Smart working. La circolare di Brunetta non risolve i problemi organizzativi nel lavoro pubblico

Innanzitutto va detto che la circolare non ha, e del resto non essendo una fonte di produzione del diritto, non poteva, introdotto modifiche sostanziali al contenuto del dm 8 ottobre 2021 ed alle linee guida attuative. L’atto si limita ad esplicitare sostanzialmente due concetti. In primo luogo, chiarisce cosa si intenda per «rotazione» dei dipendenti.

In sostanza, secondo la circolare, il dipendente «ruota» con se stesso tra giornate lavorative rese in sede e giornate lavorative svolte in lavoro agile. Dunque, lavoratore e datore pubblico di fatto sono messi nelle condizioni di concordare un calendario di smart working potenzialmente annuale, nel quale la prevalenza dell’attività lavorativa garantisca che su 220 giornate lavorative, se ne possano svolgere in smart working mai più di 109.
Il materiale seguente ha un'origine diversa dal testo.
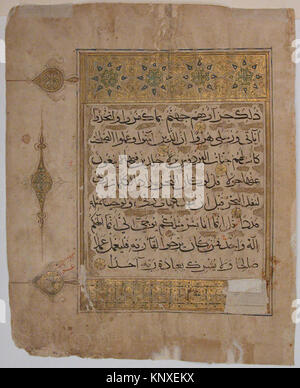 This folio from a Qur'an manuscript contains Arabic script on paper and ...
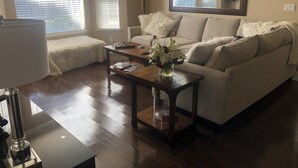 Una sala de estar con sofá, mesa de centro y lámpara.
In secondo luogo, la circolare evidenzia che la possibilità di concordare col singolo lavoratore un lavoro agile per periodi mensili o anche annuali, implica anche la contemporanea collocazione in lavoro agile del 100% (potenzialmente) dei dipendenti. Se, da un lato, questa interpretazione rende «flessibile» la gestione nell’immediato, la complica non di poco in prospettiva annuale. Né il permanere del principio della prevalenza del lavoro in sede garantisce gli esiti di tale prevalenza: che accadrebbe, infatti, se nel corso dell’anno si ripresentasse un’altra ondata di contagi e una certa p.a., assentiti 3-4 mesi di lavoro agile, dovesse, per ragioni di interesse generale, garantirne altri 3-4, sforando il tetto massimo?

In ogni caso, la circolare non si occupa dei due principali problemi operativi.

Il primo è dato dalle pesanti condizioni poste dal dm 8/10/2021, che ammette il ricorso al lavoro agile solo se si garantisca di non pregiudicare i servizi, si dotino i dipendenti di strumenti e connessioni remote, si assicuri la sicurezza dei dati e l’accesso agli applicativi da cloud o Vpn o desktop remoti, si formi il personale, si adottino connessi piani di smaltimento dell’arretrato. La circolare non dà spazio alla possibilità di avvalersi dello smart working in assenza di tali condizioni: il rischio che molte p.a. estendano, quindi, il lavoro agile non curandosi delle condizioni disposte è molto elevato (ma, del resto, non è chiaro chi e come potrebbe controllare il corretto adempimento delle condizioni).

Il secondo problema operativo è dato dalla necessità di sottoscrivere l’accordo individuale (anch’esso tra le condizioni imposte dal dm). Nel lavoro agile «emergenziale» vigente fino al 14 ottobre 2021, l’accordo non era necessario (come non lo è nel settore privato, fino al 31 marzo). Il che consentiva al datore pubblico di far prevalere ragioni ed esigenze organizzative e, quindi di disporre unilateralmente quali e quanti dipendenti ritenesse in lavoro agile. Tale autonomia organizzativa è, invece, impossibile con la necessità dell’accordo. Il datore, anche se programmasse di disporre in lavoro agile il 100% dei dipendenti di un certo ufficio, per ragioni di cautela connesse all’insorgere di un cluster o per i troppi «contatti stretti», potrebbe non riuscire nell’intento, laddove non tutti i dipendenti fossero disponibili a sottoscrivere l’accordo. Per non parlare, poi, dei problemi operativi connessi alla necessità di singole e plurime trattative individuali e alle complesse modalità per sottoscrivere – magari d’urgenza – molteplici accordi.